Outro forte motivo para o momento ser diferente são as baixas taxas de juros no mundo inteiro, também por conta da pandemia. Logo, não há mais tanta oportunidade em juros altos, e isso acaba levando o investidor a procurar oportunidades na renda variável.

Elias cita o exemplo do Japão:

“O País tem juro negativo há mais ou menos 10 anos. Isso porque eles têm uma poupança interna muito forte, e precisam acelerar a economia. Desse modo, a preocupação é colocar o dinheiro na mão da população. O objetivo é fazê-la gastar em vez de guardar dinheiro em bancos. Por isso, o juro é negativo.

No Japão, há tempos a forma de fazer o dinheiro trabalhar é investir em empresas. Logo, o que ocorre há 10 anos naquele  País é o que está acontecendo no mundo inteiro hoje.

Por um lado, há investidores sedentos por novas oportunidades de ganhos. Em contrapartida, as empresas identificam o momento como uma boa oportunidade para se capitalizarem com IPOs na B3.

E como o mercado enxerga essa quantidade de IPOs?

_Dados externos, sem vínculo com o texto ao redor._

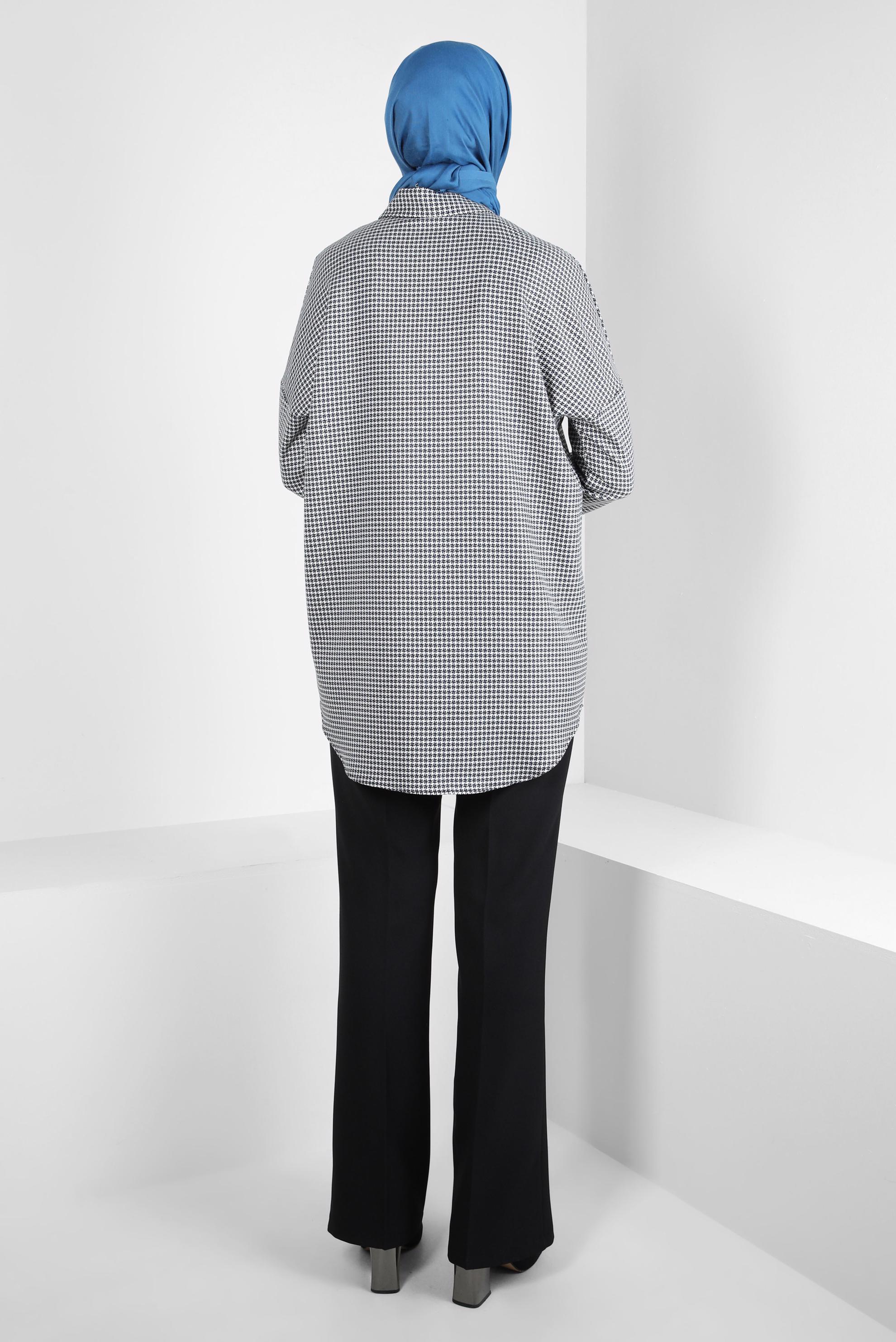 Tesettür giyim MAVİ KAZAYAĞI DESENLİ GÖMLEK TUNİK 44325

Segundo Elias, o mercado entende que, tomados os devidos cuidados, é plenamente normal, esperado e saudável esta nova onda de IPOs. Inclusive entende como um momento especial para os investidores pessoas físicas começarem a entrar na bolsa.

O problema é que existem algumas precificações acima do devido. Para Elias, isso advém um pouco da falta de parâmetro que as pessoas ainda têm com o mercado acionário. “Numa economia consolidada, é muito difícil uma ação ter esse descolamento da realidade em termos de valores. O motivo é que, lá fora, existe mais concorrência e as pessoas têm mais referências.”